What You Should Know About the ‘Kissing Bug’ Disease

It is estimated that millions of people worldwide suffer from a chagas disease, a potentially deadly parasitic disease that can be dormant for years after the initial infection.
In the United States, some 280,000 people are among the United States, according to Centers for Disease Control and Prevention (CDC), but the disease is not officially considered as endemic to the country as in 21 others in the Americas. Public health experts have argued in a report published in this month’s issue of Centers for Disease Control and Prevention (CDC) Emerging Infectious Diseases Journal that he should be.
The “growing evidence” of the parasites that cause Chagas’ disease “defy this non -endemic label”, wrote the experts, noting that “kissing bugs”, which can transmit the parasite to humans, have been identified in 32 states.
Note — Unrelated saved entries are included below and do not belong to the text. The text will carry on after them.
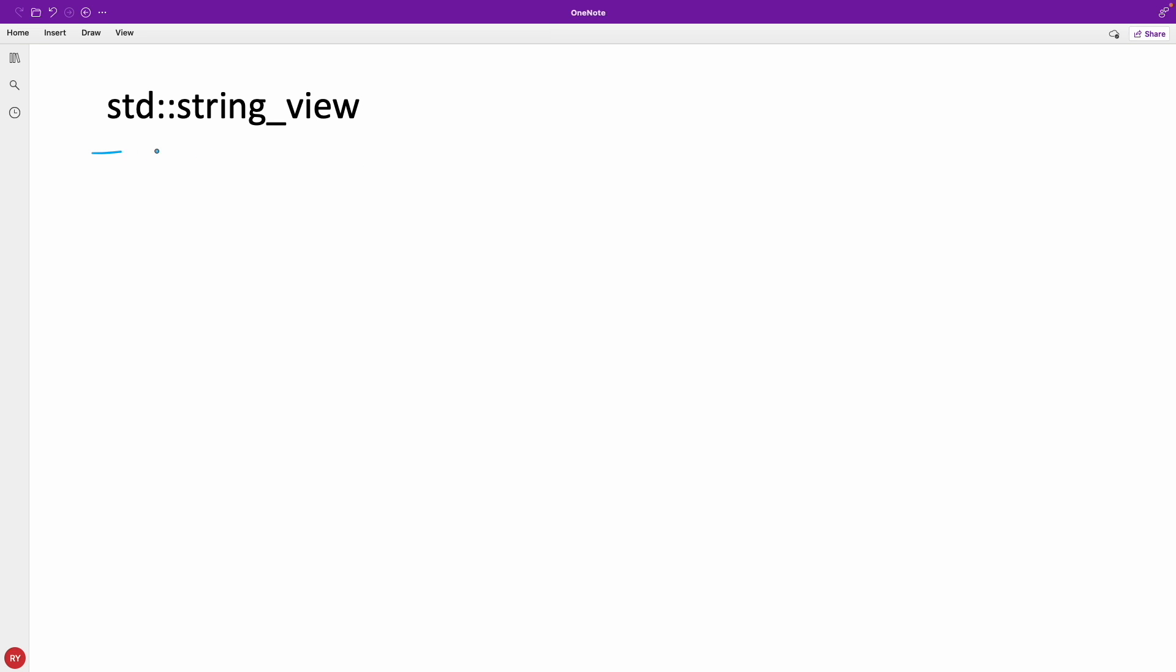So this is something new in C++ from C++17. What is this string_view? Basically we know what is the traditional std::string, right?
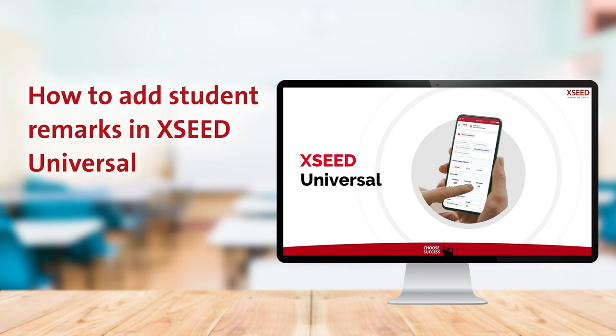This video is a step-by-step guide to send remarks for any student to the respective parents using Exceed Universal.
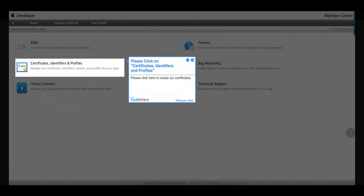Step 3: Please click on Certificates, Identifiers and Profiles. Please click here to create our certificates.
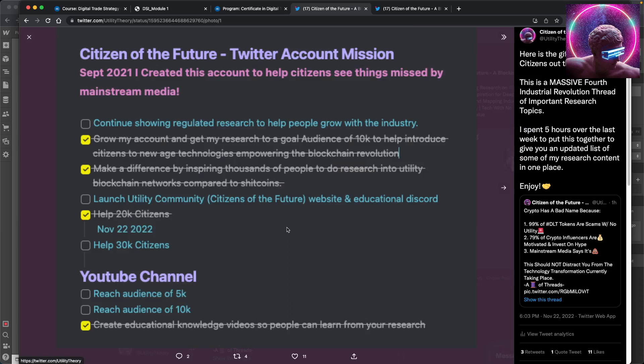So just to show you guys, this has been my to-do list, my task list. And today cross that off, 20k citizens, help that many people by shedding light on utility, assets with real world value or provide service in some way.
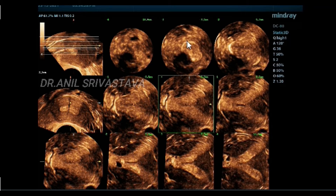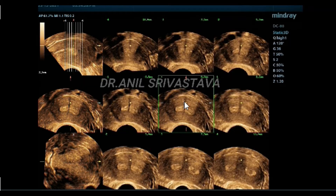You can see here a typical Y-shape. Two separate endometrial echoes with myometrial invasion in between.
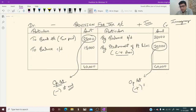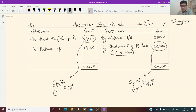This is a very simple system and a simple example to explain provision for tax account. I hope it is clear to everyone. Thank you very much.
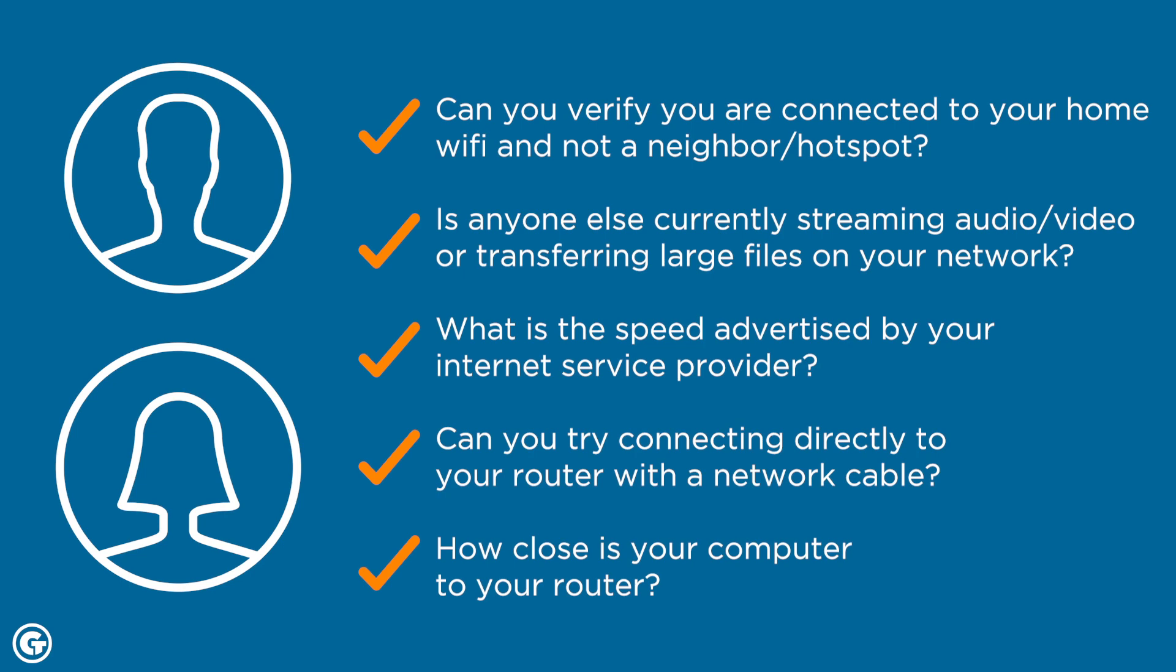I can also suggest some ways to help improve her speed by moving closer to her router or by connecting directly with an ethernet cable.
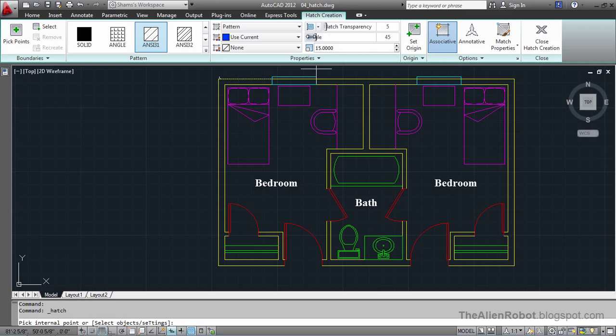And we're going to change the angle to zero. That works much better. I'm going to click.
The report recognized that the data was “inadequate” to prove that the presence of kisses bugs increases in the United States, but said that bugs are “increasingly recognized due to frequent meetings with humans” and “increased attention to research”.
“Labeling of the United States as non-Endemic non-Chagas perpetuates low awareness and under-declaration,” wrote the experts.
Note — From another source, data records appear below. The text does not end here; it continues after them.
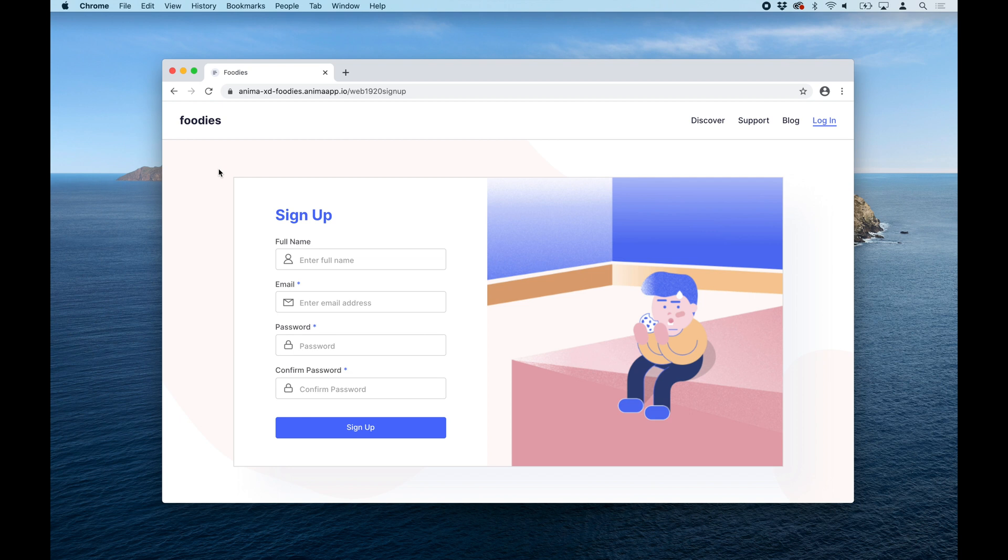Hi there, this is Pablo from Anima. In this video, I'm going to show you how to create a contact form that uses text input validation and autocomplete.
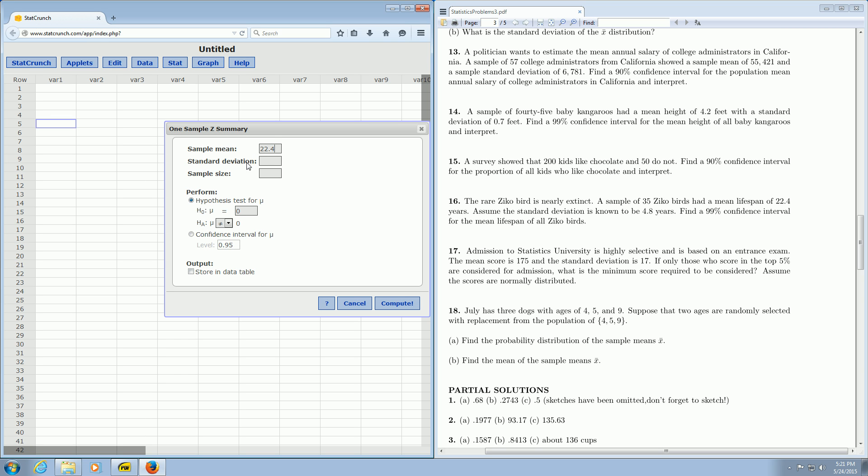Then it's asking for the standard deviation. That's 4.8. And then it's asking for the sample size. We have 35 of these creatures, so the sample size is 35.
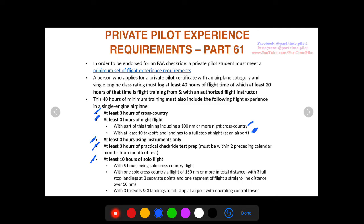Ten of the 40 hours have to be solo flight — so 20 dual, 10 solo, minimum 40 total. Within those 10 solo hours, five have to be cross-country solo flight. One of those cross-countries must be 150 nautical miles or more in total distance, with three full-stop landings at three separate points where one segment is a straight-line distance of over 50 nautical miles. You also need three takeoffs and three landings to a full stop at an airport with an operating control tower.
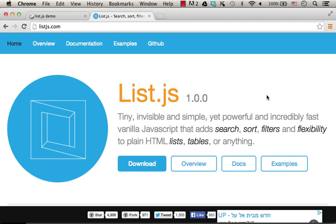List.js is a tiny JavaScript framework that assists us with handling lists and tables. Using the list.js library we can easily search, sort, filter and perform various operations on the list or the table we work with.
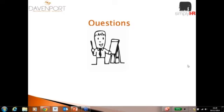Thank you very much to both speakers for the very informative presentation. I am now going to ask a few questions sent in by participants. The first question is: what is the difference between a blue and white collar employee in India? Blue collar refers to people working on machines on the shop floor.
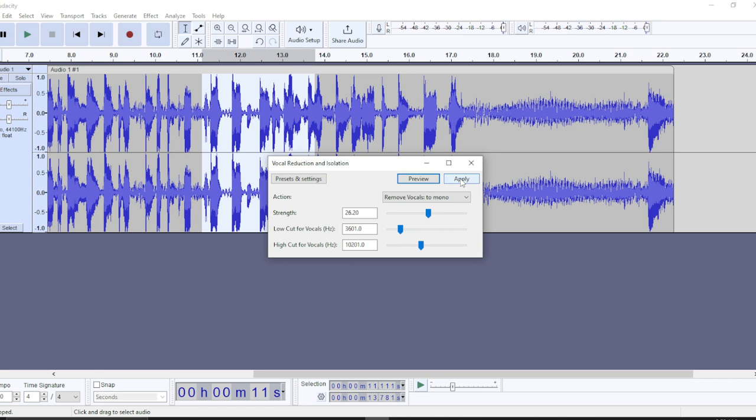Once you click Apply, you are good to go. This is pretty much how you can add vocal reduction and isolation to your voice audio on Audacity. Go ahead and review this video from top to bottom to get acquainted with the steps. I hope this tutorial helps you.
You may have never heard of Chagas disease before. Here is everything you need to know.
How to get Chagas’ disease?
Chagas disease is caused by the parasite Trypanosoma Cruzi. The parasite can be distributed to a person from an insect called the triatomine bug, more familiar under the name of “kissing”, according to the Mayo Clinic. If a kissing insect ingets the blood of an animal infected with the parasite, then the bug can also sink.
Embred the dead insects usually people while they are sleeping, then defecating. Their excrement leave parasites on a person’s skin, and parasites can enter the body of a person via eyes, mouth or an open wound.
Chagas disease does not propagate from one person to another, but other sources of infection can come from the consumption of unsuccessful food which has stool in infected infected infected, obtaining donor blood or a donor organ of a individual infected with the parasite, or to be in a place where there are wild animals infected with the parasite.
What are the symptoms?
Many people who have been infected have no symptoms.
People with Chagas disease can suffer from acute disease and may experience relatively light symptoms that can last weeks or months, including swelling on the infection site, fever, rashes and body pain, among others, according to the Mayo clinic. These symptoms generally dissipate over time, but if the infection is not treated, the disease can persist in the body and even progress towards a chronic phase.
Some people may experience chronic symptoms 10 to 20 years after being infected, according to Mayo Clinic, although the CDC notes that many people do not feel symptoms even in chronic phase. But around 20 to 30% of infected people develop serious symptoms, including a range of heart problems – such as heart failure, irregular heart rate or even death – and digestive problems – such as esophagus or extended colon, which could cause problems to eat or go to the toilet.
In the United States, have the “kissing bugs” been detected?
Various species of kisses insects are most often found in the southern United States, but have also been identified in several Midwest states.
Aboriginal human cases of Chagas’ disease, which means infections acquired in the same region where cases have been reported, have been confirmed in at least 8 states: California, Arizona, Texas, Tennessee, Louisiana, Missouri, Mississippi and Arkansas, according to the report of the emerging journal of infectious diseases.
How can you protect yourself?
Currently, there are no vaccines or drugs that can prevent someone from getting a Chagas disease, according to the CDC.
But Mayo Clinic recommends that people living in high -risk places will take a number of measures to protect themselves, in particular using nets with insecticides on their bed, using insecticides to kill insects inside their home and using repellent insects on their bodies. The Mayo clinic also advises people to avoid sleeping in a mud or thatched house, because kisses kisses thrive in these environments.